> _EXERCISE OBJECTIVE_
Pictures in the listing below are skipped, while the lines from the "Ice Out Of San Francisco Giants Baseball Shirt" line through the "ふんばりーぬ どこでもふんばりーぬ パグ　柴犬　2種セットのサムネイル" line are returned word for word.
___ DATA EXCERPTS
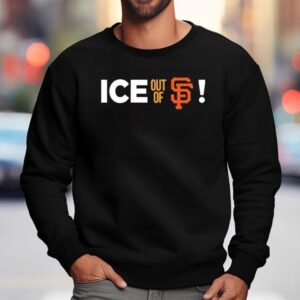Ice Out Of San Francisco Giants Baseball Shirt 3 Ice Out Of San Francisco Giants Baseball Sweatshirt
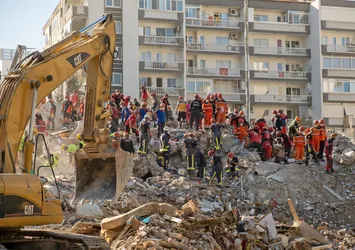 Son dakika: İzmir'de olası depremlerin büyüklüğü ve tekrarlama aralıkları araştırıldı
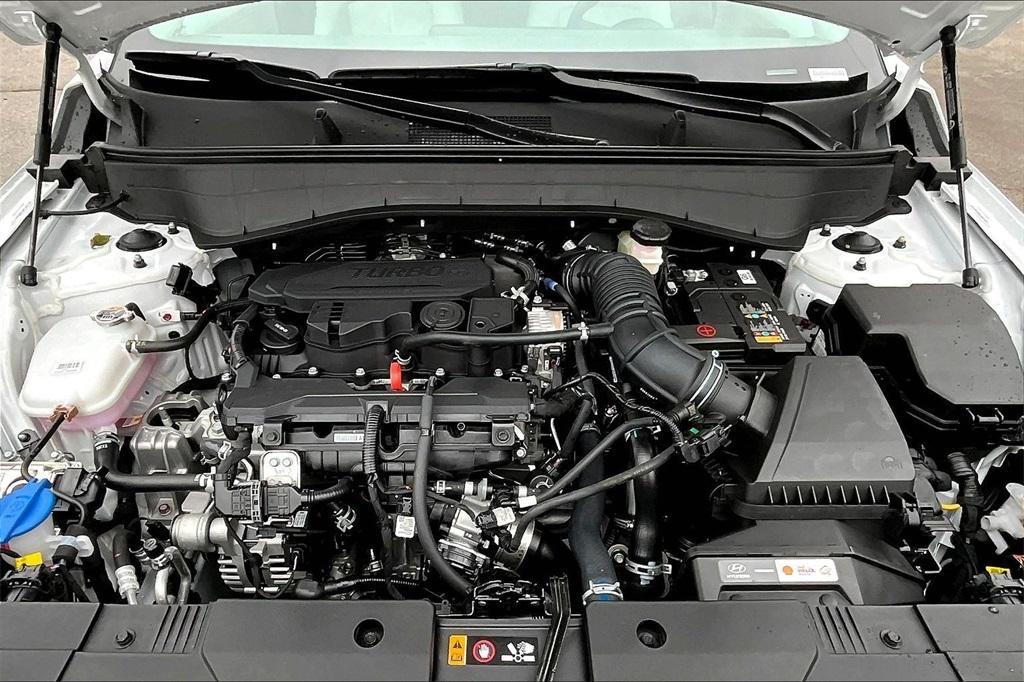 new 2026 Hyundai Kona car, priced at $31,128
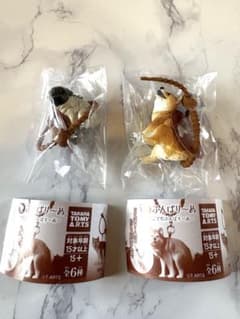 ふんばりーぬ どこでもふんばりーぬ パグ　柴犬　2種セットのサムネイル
______
___ DATA EXCERPTS
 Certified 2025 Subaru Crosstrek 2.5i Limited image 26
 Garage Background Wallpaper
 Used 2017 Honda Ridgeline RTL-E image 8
______
> _WRITTEN SOLUTION_
Ice Out Of San Francisco Giants Baseball Shirt 3 Ice Out Of San Francisco Giants Baseball Sweatshirt
 Son dakika: İzmir'de olası depremlerin büyüklüğü ve tekrarlama aralıkları araştırıldı
 new 2026 Hyundai Kona car, priced at $31,128
 ふんばりーぬ どこでもふんばりーぬ パグ　柴犬　2種セットのサムネイル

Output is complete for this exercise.